If you're searching for experience and statistics, you'll find even less.

At this point, there are more questions than answers surrounding this year's team, which makes Patton's job of finding an "identity" for his program all the more difficult.

Coming off an 18-6 season, the Colts will need to replace four starters and five of their top six scorers from last year's team.

Of the 14 players on this year's roster, only six played in a varsity game, and of those six, there is only one player (Anthony Agosti) who played in more than nine games or scored more than seven points last season.

"This is the second time in my four years as head coach that we're going to be entering a season with Anthony Agosti as the only returning starter," stated Patton. "Right now, we have a roster full of inexperienced kids that are being given an opportunity to step up and show us what they have.

"It's a process that's probably going to take some time, and we understand that. However, with a tough early season schedule, we need to grow up in a hurry and we need to find a group that's cohesive enough to keep us in games."
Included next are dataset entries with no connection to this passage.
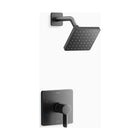 Vibrant Brushed Graphite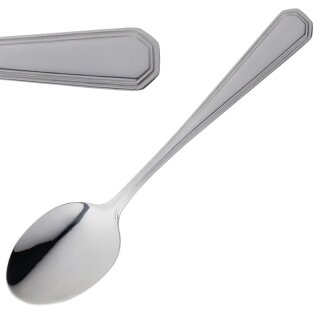 Olympia Monaco Dessertlöffel (12 Stück)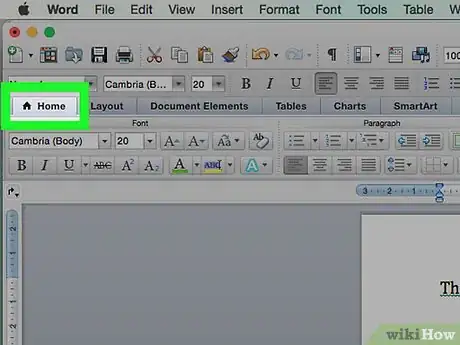 Image titled Color Text Step 4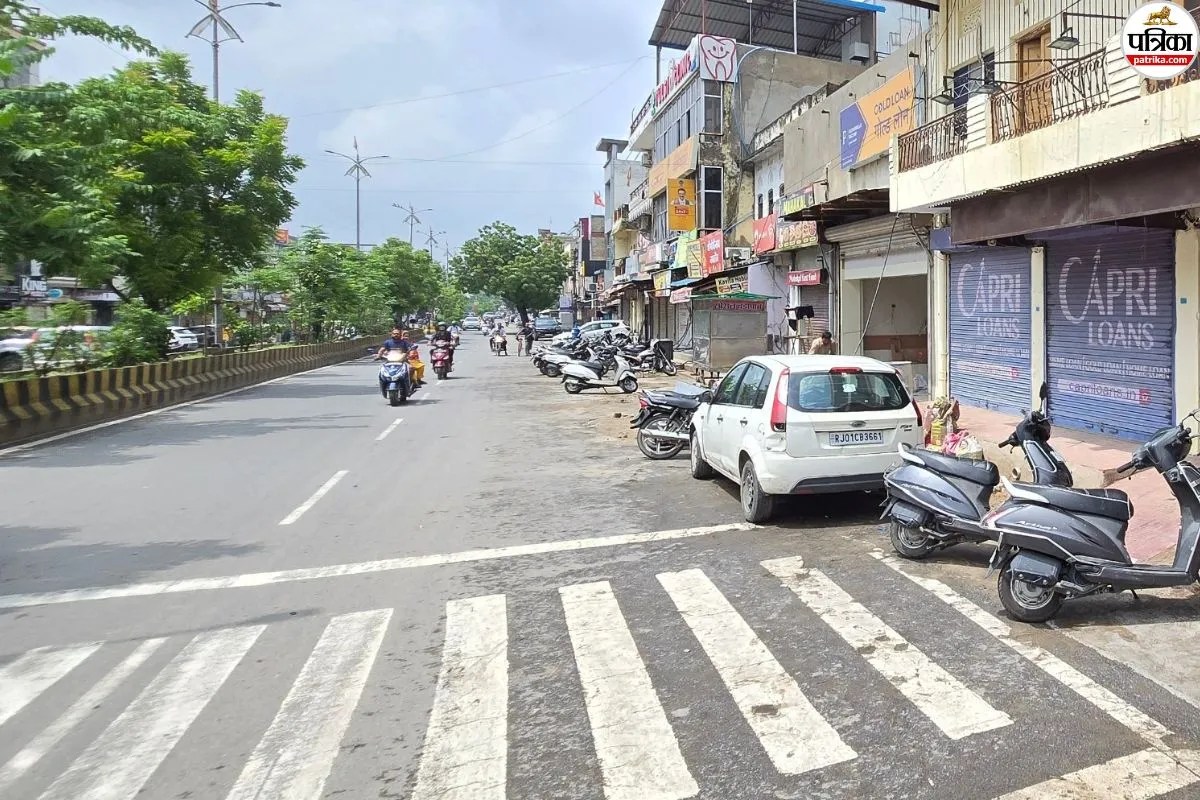 Ajmer Bandh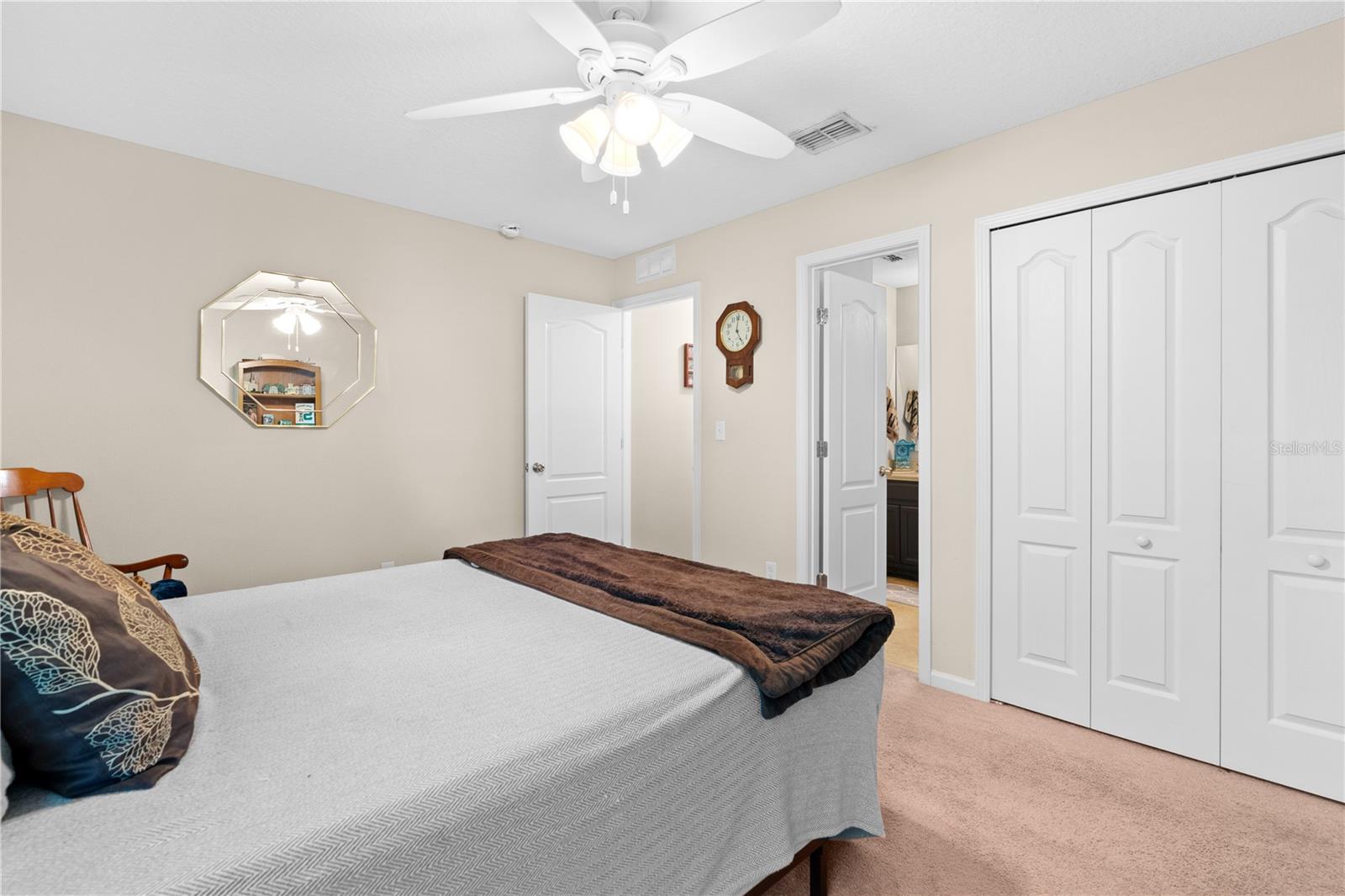 SUGAR MILL GARDENS - Residential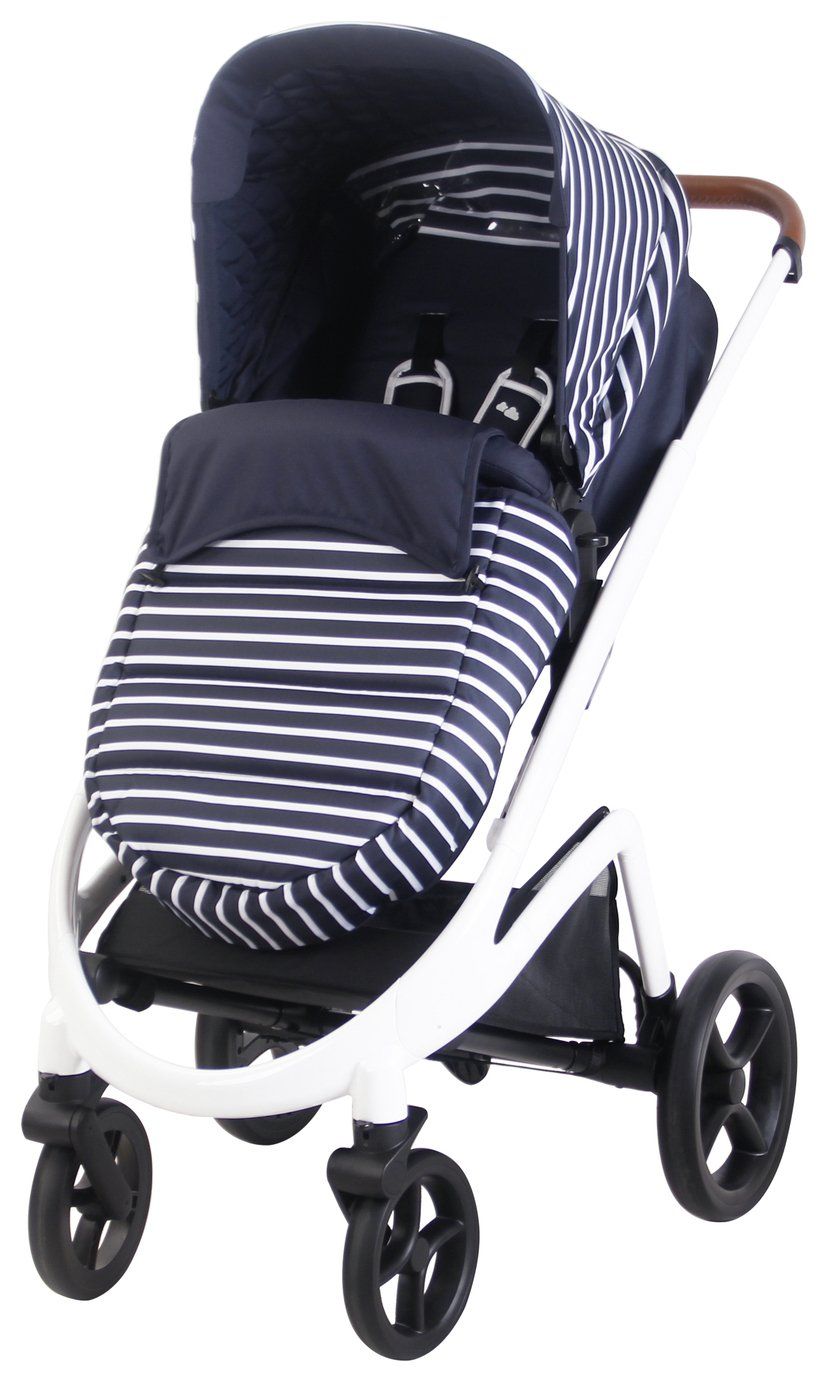 my babiie stroller argos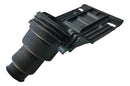 Moldura Tampa Caixa De Fusível Citroen C3 9653495780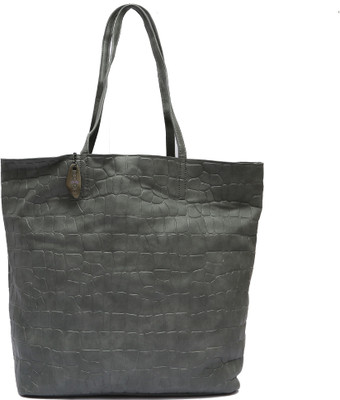 

Pepgirls Shoulder Bag(Grey)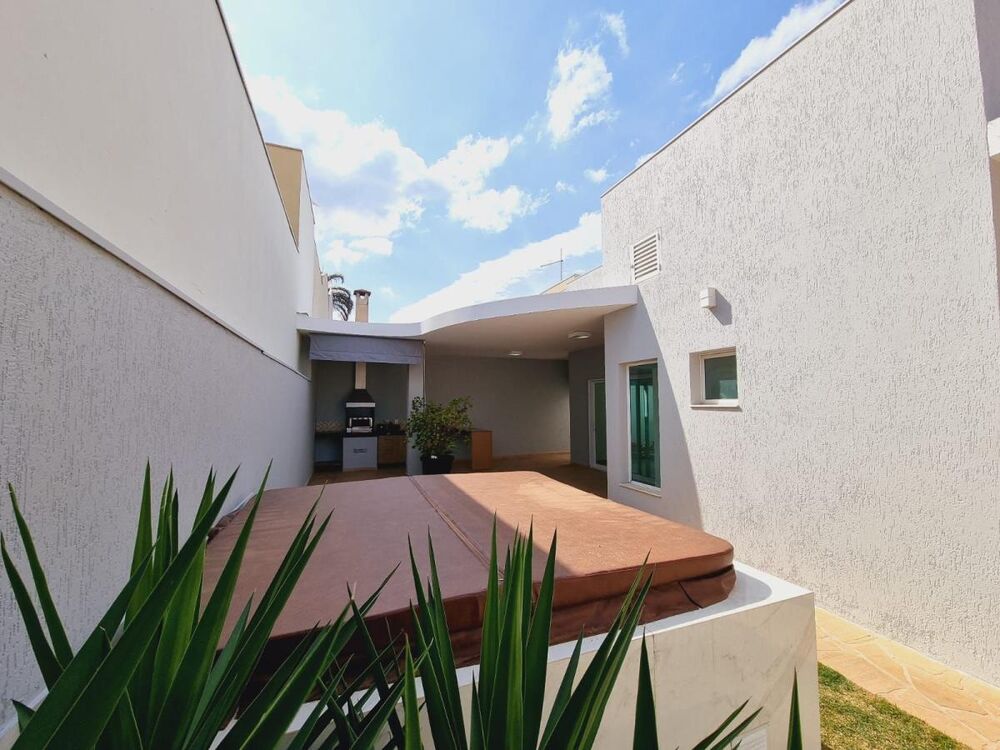 Casa de Condomínio à venda com 3 quartos, 208m² - Foto 6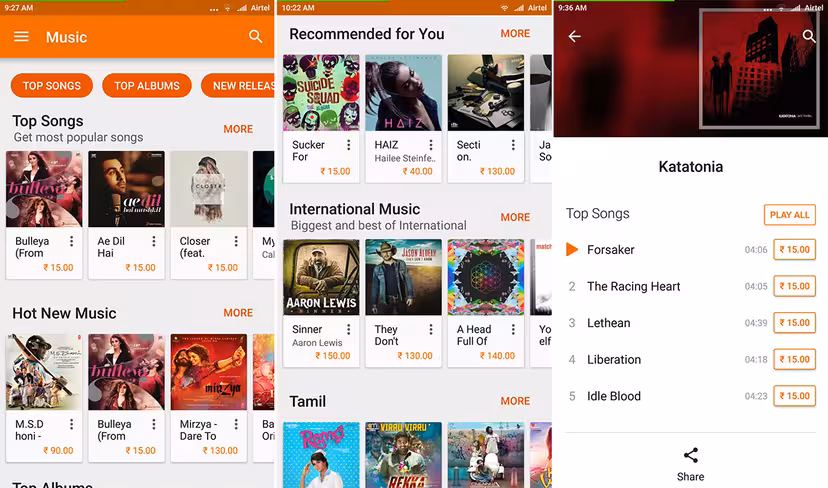 google-play-music-india-screens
With a roster full of interchangeable parts, the one constant is 5-11 senior point guard Anthony Agosti. Last season, Agosti was third on the team averaging 8.38 points per game, was second on the team in rebounds (139), and was first on the team in assists (96) and steals (43). A jack-of-all-trades, Agosti will be counted on heavily this season, not only for his basketball skills but also for his senior leadership.

"There's no doubt that Anthony is the centerpiece of our team, but we don't expect to use him exclusively. There are four other guys on the court that we need to work around him and depend on.

"But with that being said, Anthony is an incredibly gifted athlete and he's our most consistent offensive and defensive player. He can handle the ball, shoot the ball, drive the ball, rebound the ball and guard the guy with the ball. He's just an all-around good player that we're counting on to lead this team."

As for the rest of the starting lineup, Patton has been tight-lipped, but part of the reason for that might be the level of uncertainty associated with such a young and inexperienced roster.

"It's going to be Anthony and a band of others," added Patton. "Anthony's earned his position and everyone else on this team still needs to prove themselves. I honestly don't have a starting lineup right now that I'm totally comfortable with."

After losing Ryan Karnish (13.48 points per game, 55 three-pointers), Alden Whah (9.91 ppg, 12.8 rebounds per game), Nick Kweder, Damian Richards and Eric Swankowski to graduation it's evident the Colts inexperienced players will have to grow up fast.

Leading the pack for playing time (along with Anthony Agosti) will be a trio of juniors who started on last year's JV team: 5-10 forward Nico Agosti, 6-1 forward Mike Vercusky and 5-11 guard Nick Wesner. Combined, those three players have a total of 10 games of varsity experience and two total points.

The other starting spot at the moment looks to be a revolving door between six different players: junior guard Matt Karnish, sophomore guard Dominic Mussoline, sophomore forward Kyle Swetz, and three freshmen (guard Ethan Kuczynski, and forwards Ian Myers and Josh Inama).

"With the makeup of this team, I don't know if we have shooters to be a mainly perimeter-shooting team like last year, nor do I think we have enough size (only one player taller than 6-1) to dominate the inside game. We have to find ways to score that suit our strengths, but we're still in the process of finding out what those are."

As Patton cultivates a young roster he hopes will develop with time, there is no doubt that this year's team will be a work in progress.

"Trying to replace one or two players is tough, but trying to replace five or six is yeoman's work," concluded Patton.